Link
to Phase I Map
The aim of the Guelph Enabling
Garden is to provide a fully accessible working/teaching garden for
all Guelph and community citizens. It is designed to be a destination
for visitors to enjoy nature and the healing it provides. It is
a garden that can be both actively used and passively enjoyed. Workshops
are offered throughout the year that relate to various gardening
aspects including assisting those with their own garden challenges,
as well as for school-aged children, seniors, and those with varying
abilities.
Glynis Logue has worked with
GEG since 1999 to design the garden and coordinate the building of Phase
One. Contact her at (519) 763-7510 if you have any specific questions
about the garden's detail.
Let’s
Take a Tour of the Guelph Enabling Garden:
Phase One of the plan includes
a woodland garden, spiral garden, outdoor sculpture gallery, and community
garden plots.
You enter the garden on a main pathway built to accommodate wheelchairs,
walkers, and clients with low vision. The surface is smooth and
flat, with good traction. The pathway has textural and visual
markers and is wide enough to allow two wheelchairs to pass.
The fully accessible community
garden plots highlight teaching, working, and growing your favourite
plants. There are raised garden planters built at different heights
for those in wheelchairs and those who wish to sit or stand. A wooden
arbour and hanging baskets create a sense of enclosure for workshops.

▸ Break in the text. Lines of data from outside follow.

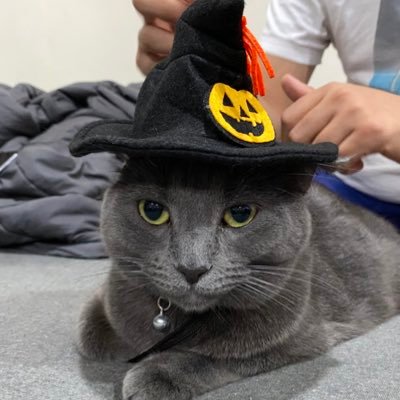 CadyBelkin's profile picture. The roof is not my son, but I will raise it.
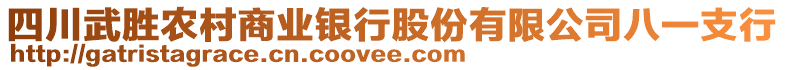 四川武勝農(nóng)村商業(yè)銀行股份有限公司八一支行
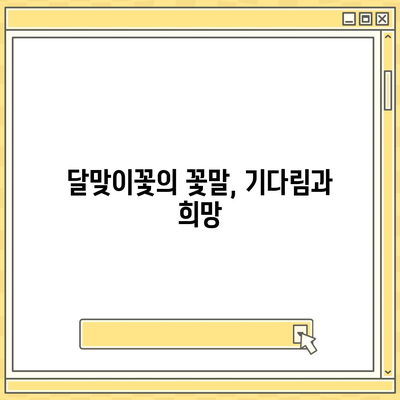 달맞이꽃의 매력,  야생화 정원에 피어나는 아름다움 | 야생화, 꽃말, 재배 정보, 효능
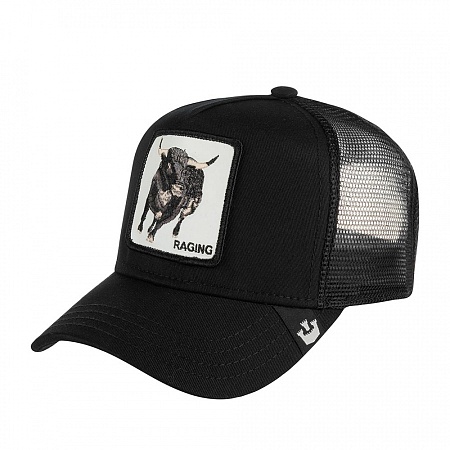 БЕЙСБОЛКА GOORIN BROTHERS RAGING SR 101-0211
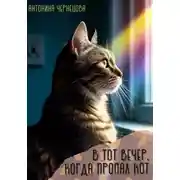 Постер книги В тот вечер, когда пропал кот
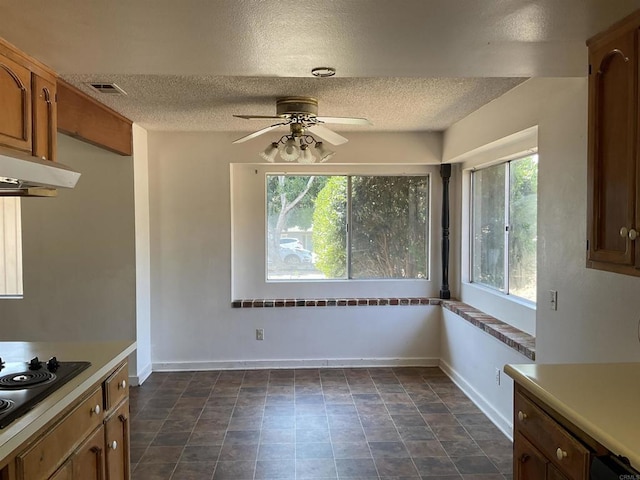 1110 E Alvarado St, Fallbrook, CA 92028 - unfurnished dining area with a textured ceiling, plenty of natural light, and ceiling fan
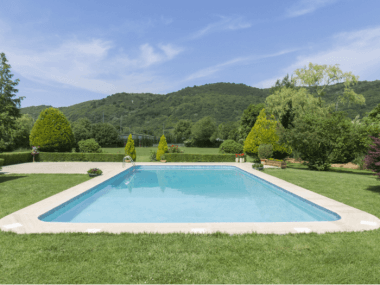 How To Keep Birds Away From Your Patio Pool And Garden How To Keep Birds Away From Your Patio Pool And Garden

Next to this area there is a fully accessible shed to house our supplies,
water, and hydro access.
Carry on through the garden
and you come to a spiral garden that looks over the river and a
quiet wooded area to rest and enjoy nature. Sit under a native tree,
listen to the birds, or enjoy a picnic.
The Guelph Enabling Garden
is a unique experience that stimulates all senses through active
and passive spaces.
Plant Material:
Plantings used in an enabling
garden are chosen for fragrance, texture, sight, sound, and taste. Native
plants are used to demonstrate how we can learn to grow gardens
that do not rely on water and chemicals. Environmental gardening is
also practiced through activities such as composting, mulching, water conservation, and xeriscaping.